___ SUPPLIED DATA

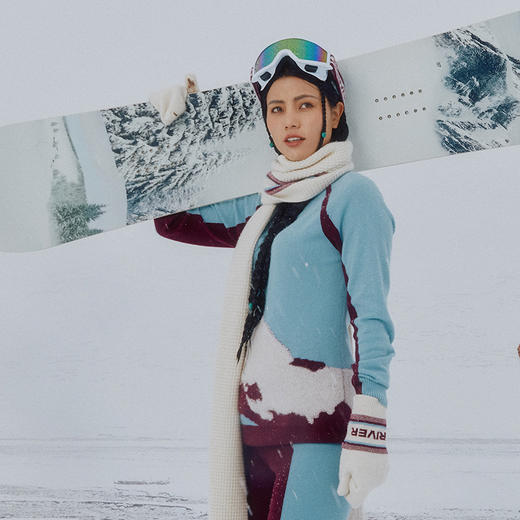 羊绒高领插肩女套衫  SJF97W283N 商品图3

______
___ SUPPLIED DATA

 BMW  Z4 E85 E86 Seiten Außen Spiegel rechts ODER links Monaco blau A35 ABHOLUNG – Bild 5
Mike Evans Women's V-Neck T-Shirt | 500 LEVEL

______

(WHAT IS NEEDED):
Please give again the lines above between the line holding "ABHOLUNG – Bild 5" and the line holding "Mike Evans Women's V-Neck T-Shirt | 500 LEVEL", inclusive, exactly as they are and with nothing added.

(OUTPUT FOR THIS EXERCISE):
 BMW  Z4 E85 E86 Seiten Außen Spiegel rechts ODER links Monaco blau A35 ABHOLUNG – Bild 5
Mike Evans Women's V-Neck T-Shirt | 500 LEVEL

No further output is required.